Time-lapse recordings of the cell cultures were performed using the whole-well imaging feature in the Incucyte Zoom. Cells were maintained in the Incucyte at 37°C in humidified 5% CO_{2} atmosphere. Phase contrast and green-channel images were collected every 4 hours for up to 2 weeks.

### Image analysis

Recorded green-channel images were analyzed using the built-in analysis program in the Incucyte Zoom software analysis package. The true initial cell number of each well was confirmed by eye from the images at 4x magnification, and cell number trajectories were binned accordingly. For each 96 well plate, an image processing definition was optimized using the built-in software and confirmed by eye to account for background fluorescence and local bubbles.
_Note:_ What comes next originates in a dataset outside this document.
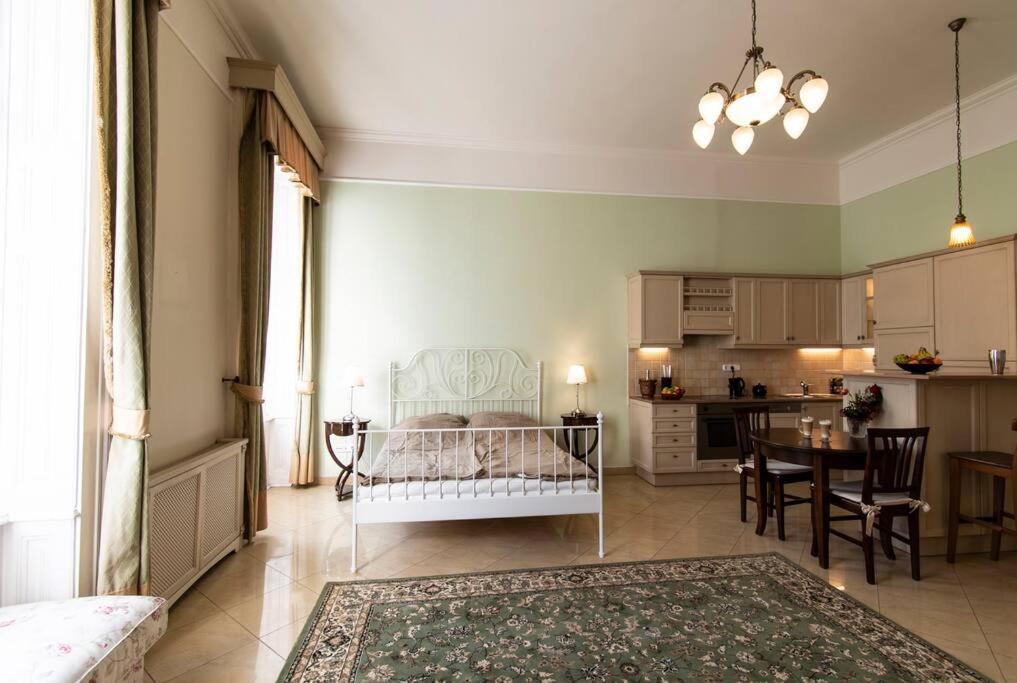 Parliament Dream At The Danube Apartment Budapest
Wells whose cells died off or did not exhibit any growth and wells with out of focus images were removed from analysis.

## Acknowledgments

This work was supported by the National Institute of Health (R01CA226258, to A.B. and S.H.) and the Texas4000 Foundation Cancer Seed Grant Program (to A.B.). K.J. is grateful for support through an NSF Graduate Research Fellowship. M.K.S. is supported by a postdoctoral fellowship of the German Research Foundation. E. A. B. F. Lima is supported by the National Cancer Institute (NCI) through U01CA174706, and NCI R01CA186193; and the Cancer Prevention Research Institute of Texas (CPRIT) through RR160005.